At age 17, Heisman went to Brown University, where he formed a club football team. After two years, he transferred to the University of Pennsylvania with the hope of pursuing a law degree. As a 5-foot-7, 158-pound lineman, he played three years at Penn. An accident—reportedly an antiquated battery light flashed in his face—nearly cost him his vision. So, rather than practice law, he returned to Ohio (the family had moved back in 1890) and took the coaching job at Oberlin College in 1892.
In 1895, Heisman became coach at the Agricultural and Mechanical College of Alabama, modern-day Auburn University. There Heisman introduced the first hidden-ball play, a bit of trickery that often baffled opponents. Heisman had quarterback Reynolds Tichenor conceal the ball under his shirt while inside a wedge (then legal) of players. The wedge suddenly scattered, and Tichenor, who pretended to tie his shoe, got up and scored untouched.
Heisman’s longest and most successful tenure was with Georgia Tech, where he spent 16 seasons (1904-1919). His 102 wins there included a 33-game winning streak, a national title in 1917 and the most one-sided victory in college football history: 222-0 over Cumberland in 1916.

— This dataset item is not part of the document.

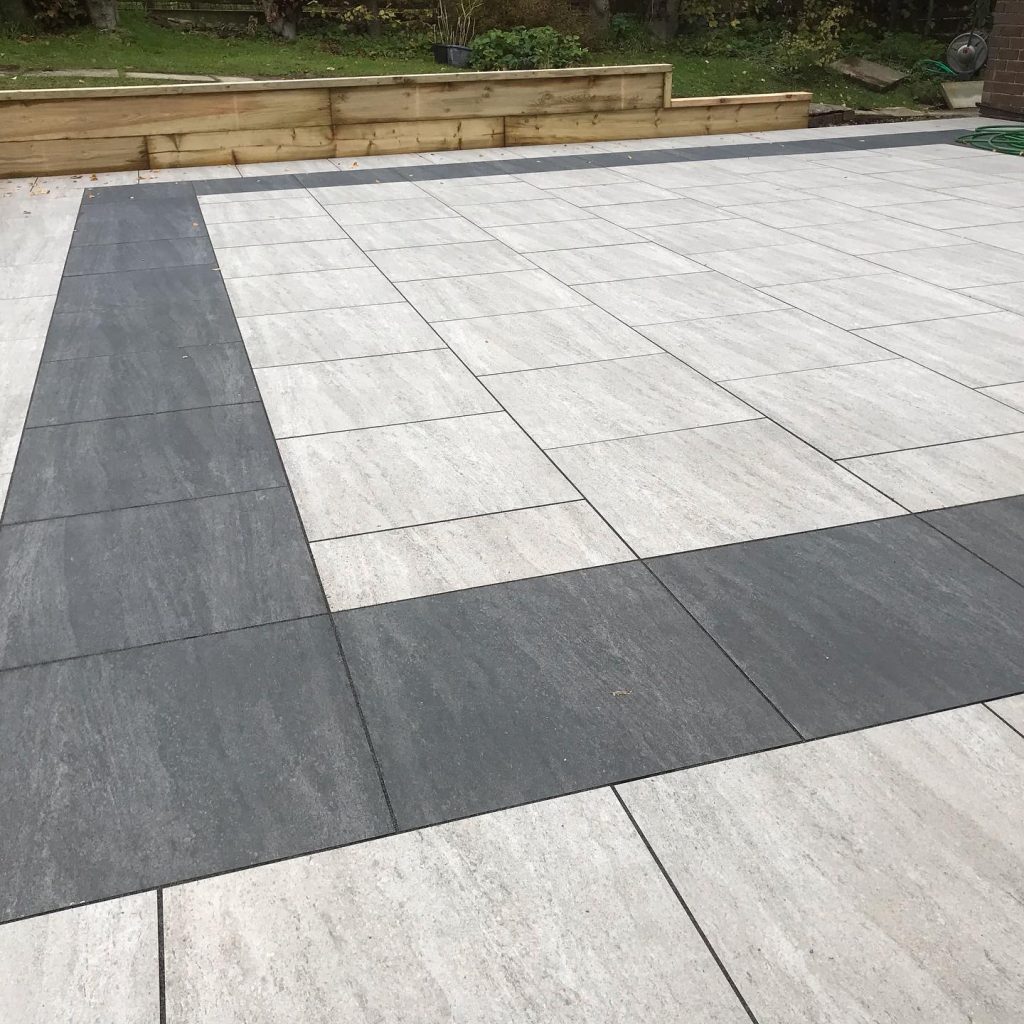 Porcelain patio arranged with contrasting dark paving to create a geometric border pattern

Despite his team's 126-0 halftime lead, Heisman urged his team to keep the pressure on. “You never know what those Cumberland players have up their sleeve," he said. "So in the second half, go out and hit ‘em clean and hit ‘em hard. Do not let up.” Although Heisman agreed to shorten the quarters to 12 minutes from 15, speculation remains that Heisman ran up the score because he thought Cumberland used professional players to beat Georgia Tech in baseball, which Heisman also coached.
In 1922, Heisman wrote Principles of Coaching, a complete breakdown of the craft that included chapters on how to play each position. A coach, he wrote, should be “little short of a czar,” but it was also vital he admit his mistakes and never use profanity. He called a coach “a man of education and culture” and influential in world affairs. In a chapter on healthy training, Heisman forbade smoking and coffee during the season and alcohol at any time. Ice cream was O.K. a couple of times a week, “if pure.”

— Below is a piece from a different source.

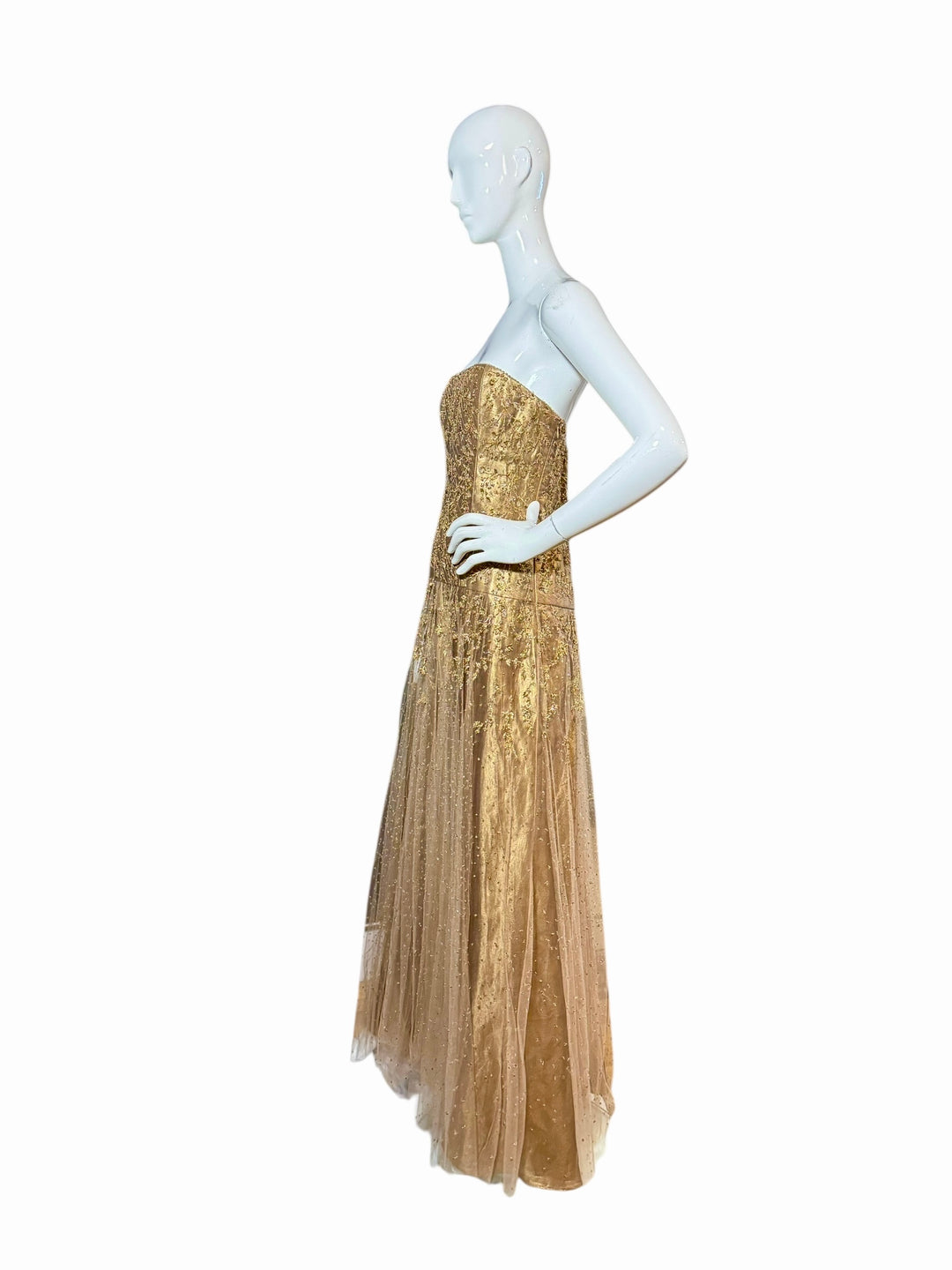 Unworn Ralph Lauren Fall 2006 strapless gold couture gown displayed on mannequin with hand-beaded floral embroidery and full tulle skirt side view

“The lad is ‘deaf to the voice of consanguinity,’” he wrote about players, “but he will do most anything short of committing murder for a winning coach.” Before a game against Pittsburgh in 1918, Heisman even gave a speech to his team that touched on the heroes of ancient Greece and a dead soldier in the ruins of Pompeii.
Heisman also stood up for his principles. When coaching Washington & Jefferson in 1923, he refused to play a game when Washington and Lee, a Lexington, Virginia-based school, demanded Heisman not use a Black player. At Georgia Tech, he counseled a Jewish player who faced anti-Semitism.